The Court of Justice of the European Union (‘CJEU’) interprets EU law with the aim of ensuring that such law is applied in the same way in all Member States.

 

In a most recent Preliminary Ruling delivered by the CJEU in Case-477/21 (‘Case’), the Court made it amply clear that the daily rest periods and weekly rest periods to which employees are entitled to by virtue of the Working Time Directive (‘Directive’) are two separate rights of the employee.

 

The Case revolved around a train driver employed by MÁV-START, the Hungarian national railway company, who challenged the decision of his employer not to grant him a daily rest period of at least 11 consecutive hours in accordance with the Directive when that daily rest period preceded or followed a weekly rest period or a period of leave.

 

The employer claimed that since the collective agreement applicable to the case granted a minimum weekly rest period of at least 42 hours, well in excess of the weekly rest period required by the Directive, that of 24 hours, the employee was not being disadvantaged in any way.

 

The Hungarian Court therefore asked the Court of Justice in particular whether, under the Directive, a daily rest period granted concurrently with a weekly rest period forms part of that weekly rest period or is separate to it.


The CJEU detailed that daily and weekly rest periods constitute two independent rights which employees are entitled to and, which pursue different objectives.

 

The CJEU highlighted that whilst daily rest periods allow a worker to remove himself or herself from his or her working environment for a specific number of hours, which must not only be consecutive but must also directly follow a period of work, on the other hand weekly rest periods allow a worker to rest during a seven-day period.
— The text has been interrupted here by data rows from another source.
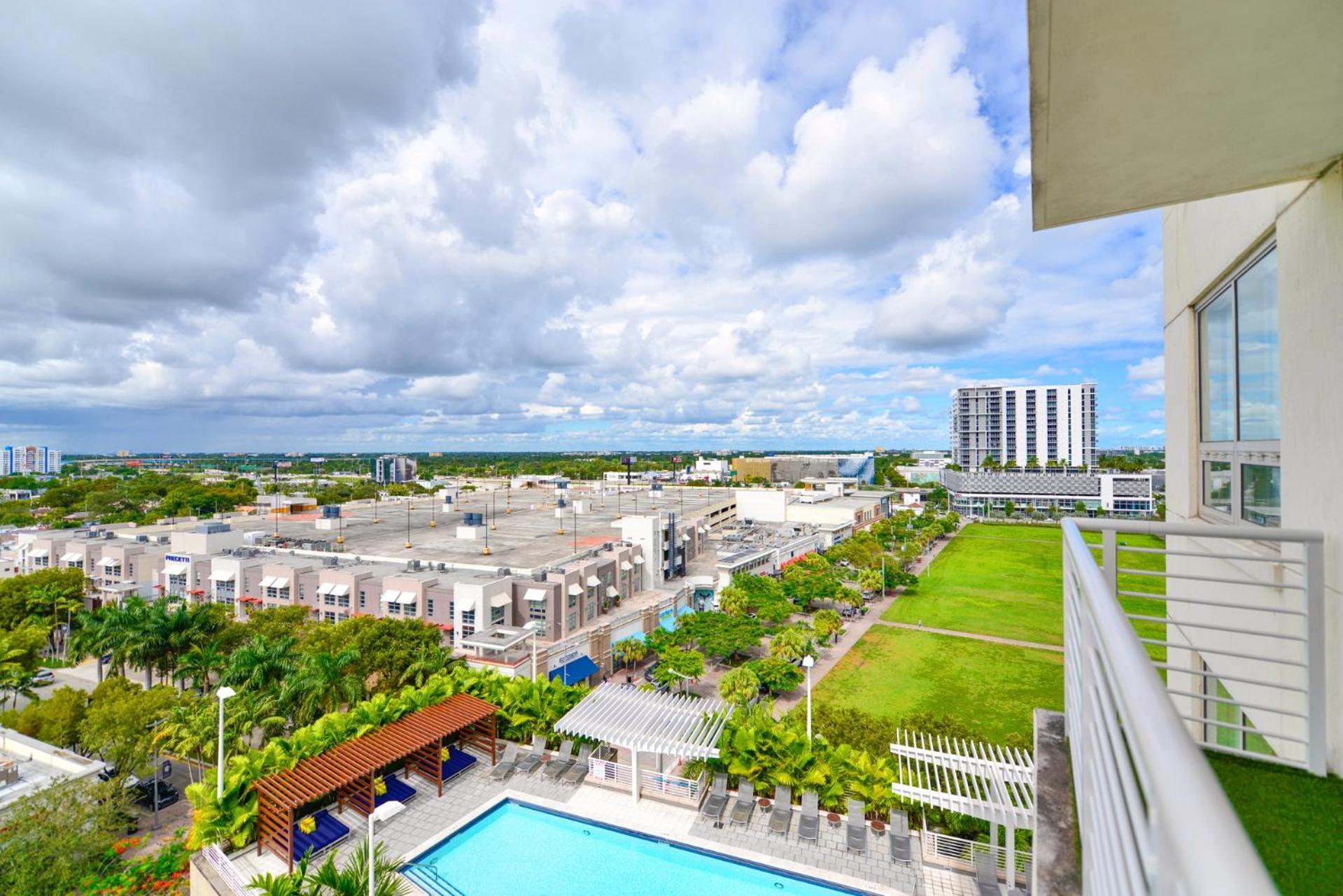 Apartment Spacious And Stylish At Midtown W Amenities! Miami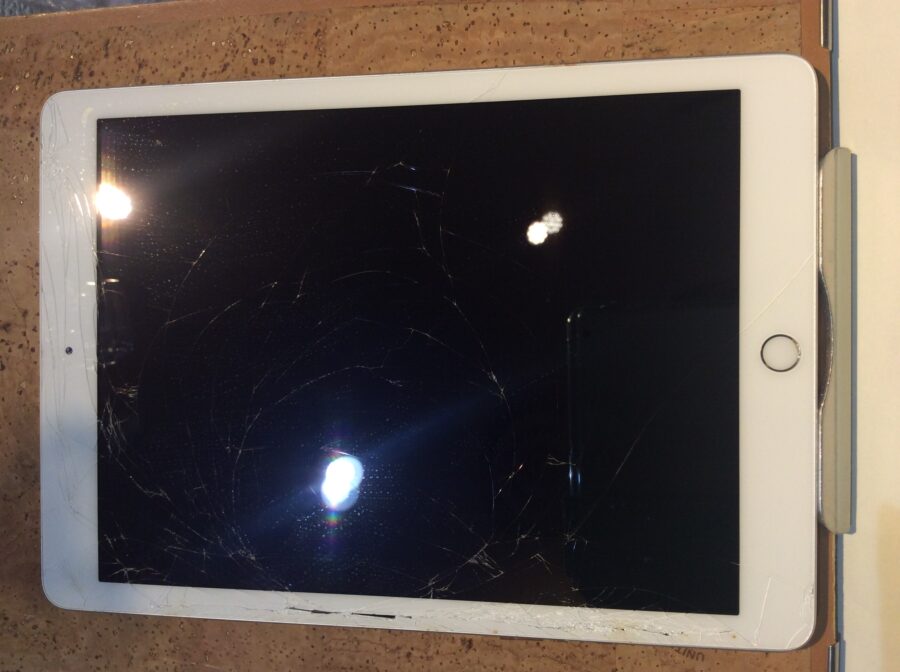 iPad 6(アイパッド6 )画面が割れてしまったので修理して使いたい(;・∀・)そんな時は広島市内最安値で修理が可能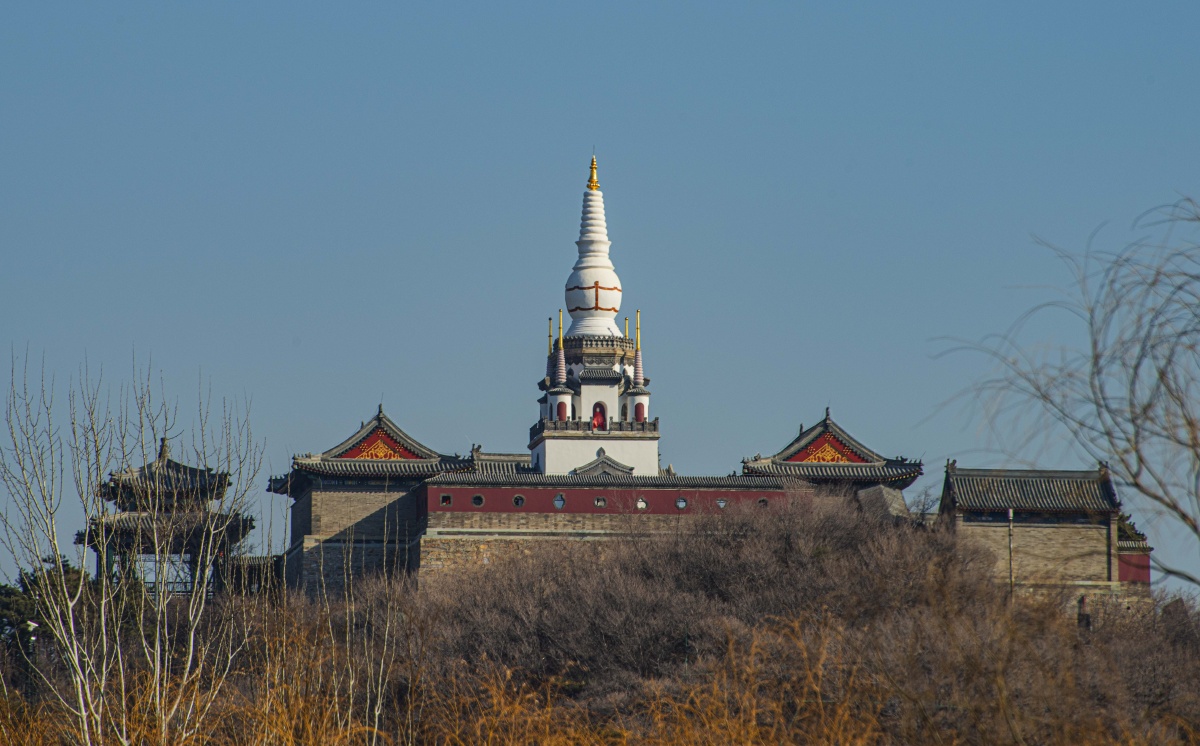 玉泉山的两座塔 - 自在香山 - 图虫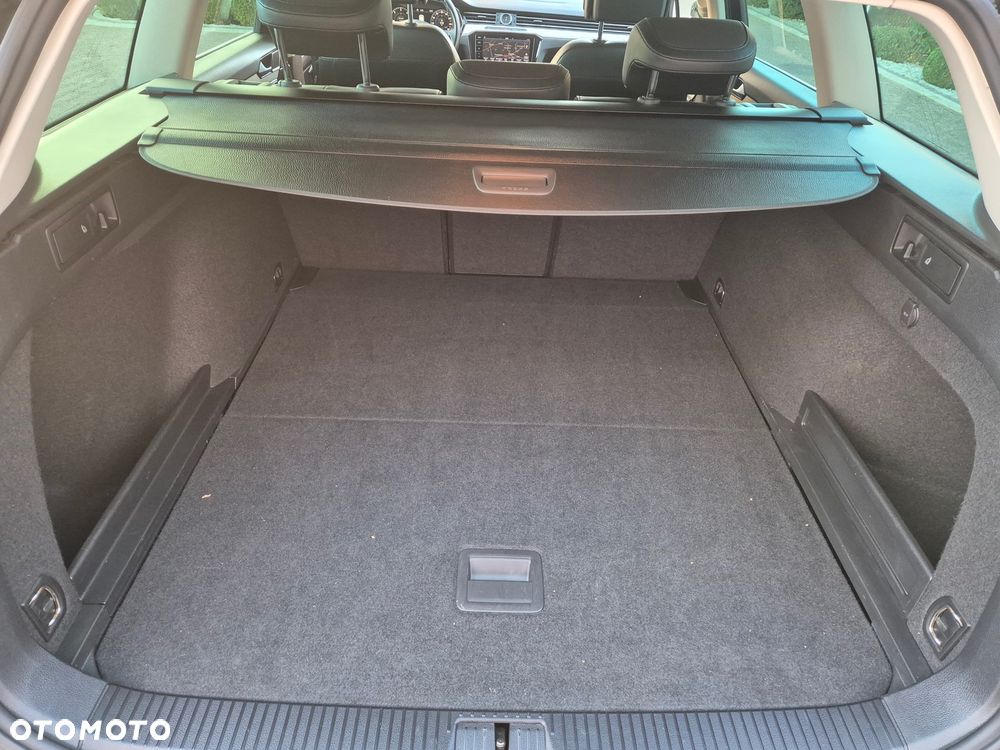 Volkswagen Passat 2.0 TDI SCR DSG Comfortline - 19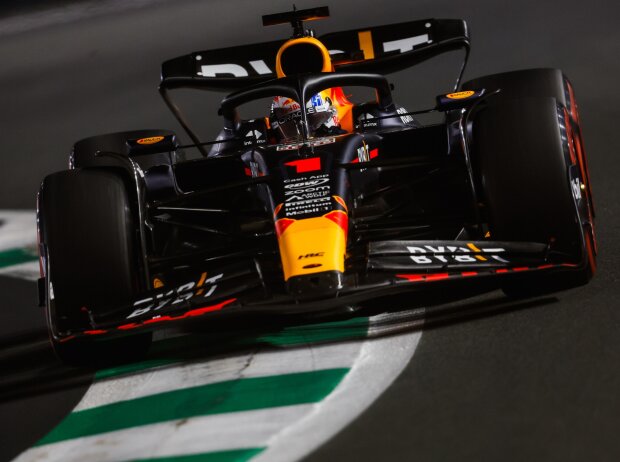 Max Verstappen im Red Bull RB19 im Formel-1-Freitagstraining in Dschidda 2023 Max Verstappen im Red Bull RB19 im Formel-1-Freitagstraining in Dschidda 2023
To this end, the CJEU remarked that employees must be guaranteed the actual enjoyment of each of those rights, in a separate manner, thereby confirming that the daily rest period has to be enjoyed regardless of the weekly rest period which precedes or follows it, in that the daily rest period is to be enjoyed as a whole, separately to the minimum period for the right to weekly rest.

 

The CJEU also noted that the fact that Hungarian law contained more favourable conditions in comparison with the Directive, in relation to the minimum weekly rest period, did not mean that such could deprive an employee of other rights conferred by the Directive.

 

The CJEU therefore confirmed that the daily rest period must be granted irrespective of the length of the weekly rest period provided for by the applicable national legislation.

 

In terms of Maltese law, this Preliminary Ruling of the CJEU confirms that employees are entitled to a minimum daily rest period of 11 consecutive hours and to an uninterrupted weekly rest period of 24 hours in addition to the 11 hours daily rest within a seven day period, or 48 consecutive hours in a period of fourteen days in addition to the 11 hours daily rest period. Limited exceptions to such rules exist in terms of law, in that there may be the possibility for an employee not to take the full rest period, provided that equivalent compensatory rest periods are given to the employee concerned at times immediately following the corresponding periods worked.